There’s no proof that Rep. Lee supposed to personally revenue from her water laws; a spokesperson for the congresswoman says the trades had been performed by a cash supervisor with none enter from Lee. However the transactions are nonetheless troubling, a congressional ethics skilled informed Mom Jones. “Consultant Lee’s inventory trades actually would lead an inexpensive particular person to query why they had been made,” says Donald Sherman, the senior vp and chief counsel on the liberal-leaning Residents for Accountability and Ethics in Washington, which has campaigned for a ban on congressional inventory buying and selling.
“The purpose,” Sherman says, “is that we don’t wish to should ask these questions.”

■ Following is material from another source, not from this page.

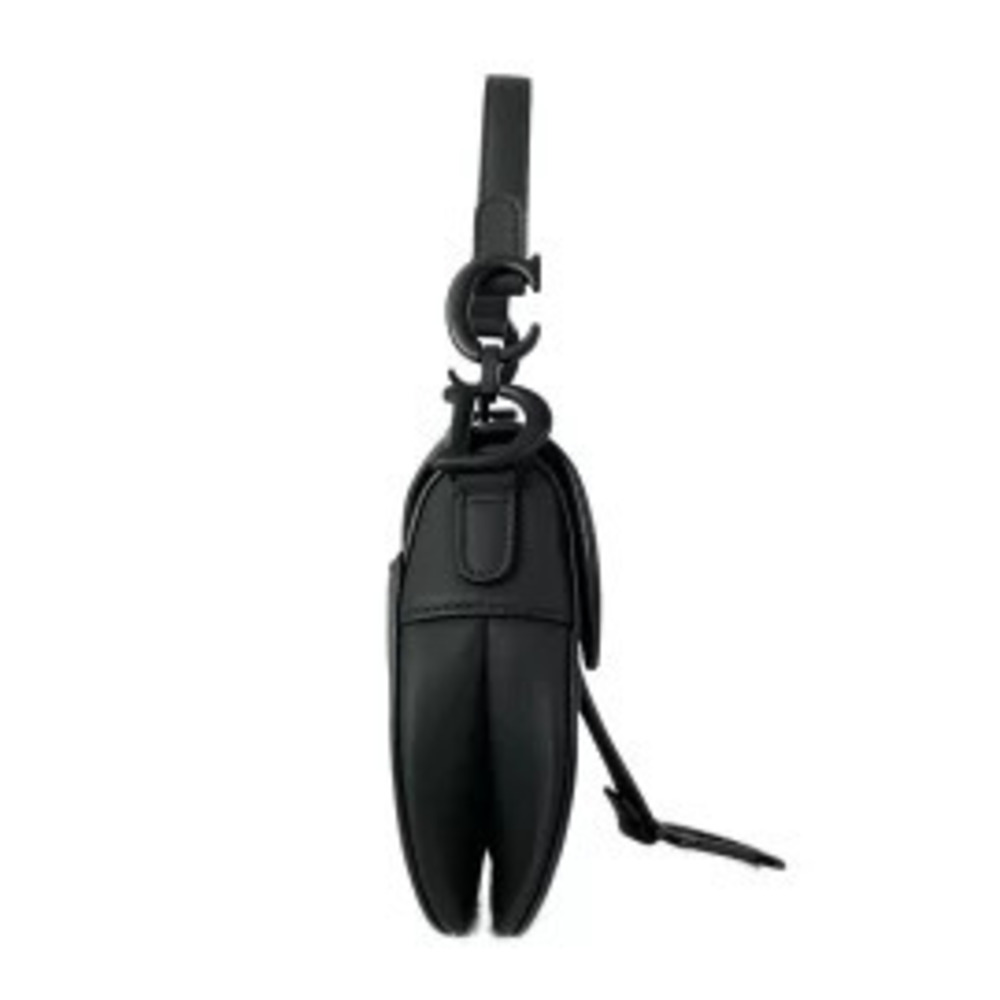 Christian Dior Saddle Bag Handbag Black Leather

Evoqua is way from the one firm Lee has invested in since coming into Congress in 2019. She and her husband—who are actually within the strategy of divorcing—have publicly disclosed a whole bunch of purchases and gross sales of inventory and have a web value within the hundreds of thousands of {dollars}. (Members of Congress are required by legislation to make such disclosures.) Lots of these transactions, together with the Evoqua purchases, had been carried out by means of a belief known as the DSL Dwelling Belief.

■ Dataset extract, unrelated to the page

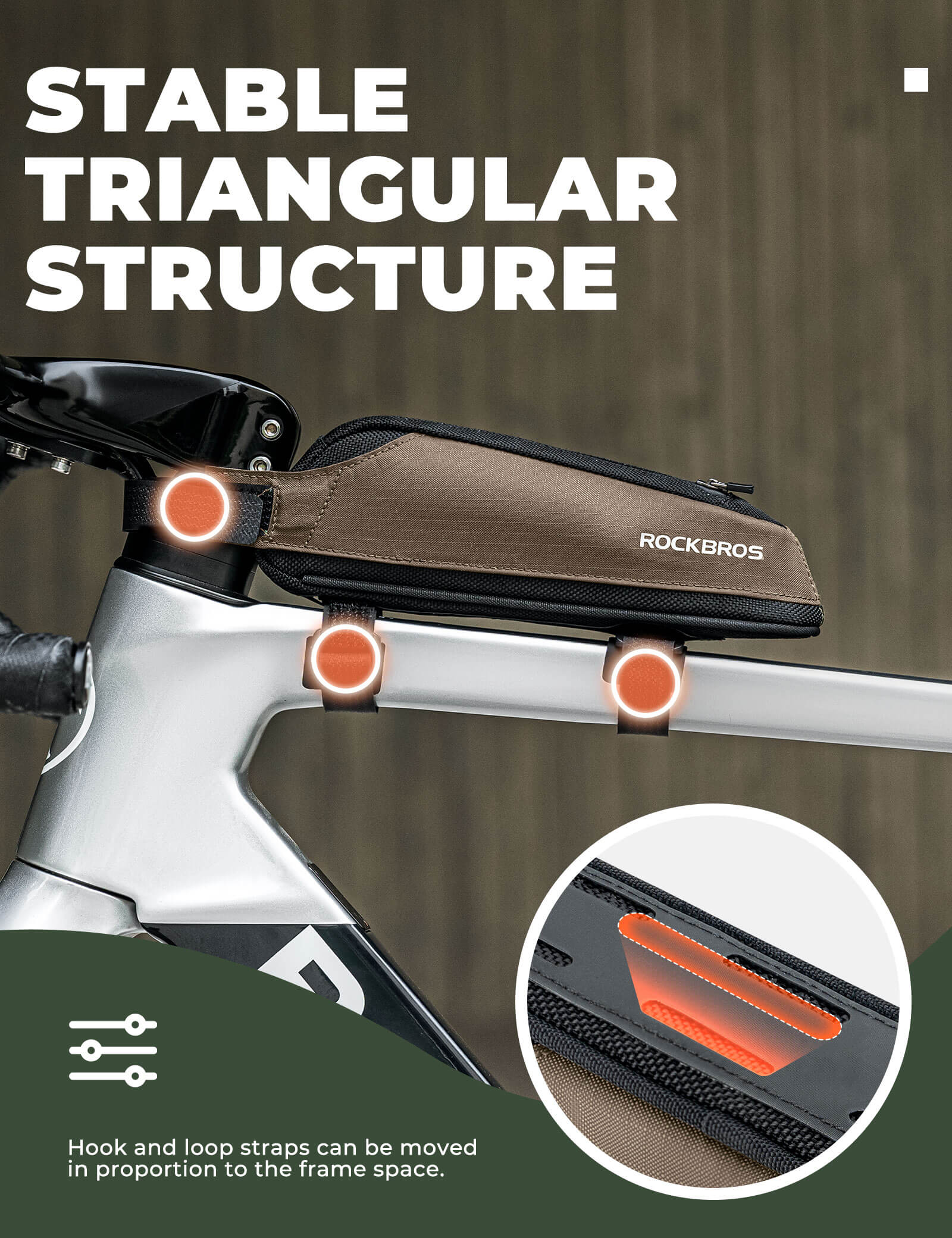 ROCKBROS durable nylon bike frame bag for road and commuter cycling.
#color_brown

In a press release, Lee’s spokesperson, Zoe Sheppard, stated that Lee didn’t direct these trades. “Congresswoman Lee is just not concerned within the buying and selling selections of the DSL Belief, and this can be a joint account together with her husband from whom she has filed for divorce,” Sheppard stated. “These trades had been executed by a 3rd social gathering cash supervisor with no enter in any way from the Congresswoman.” Sheppard additionally shared a replica of a letter from an funding adviser stating that “Consultant Lee and/or her partner will not be concerned within the day-to-day administration of their account.” The letter was dated September 29, 2020, after Lee’s first Evoqua inventory buy however earlier than her second and third purchases.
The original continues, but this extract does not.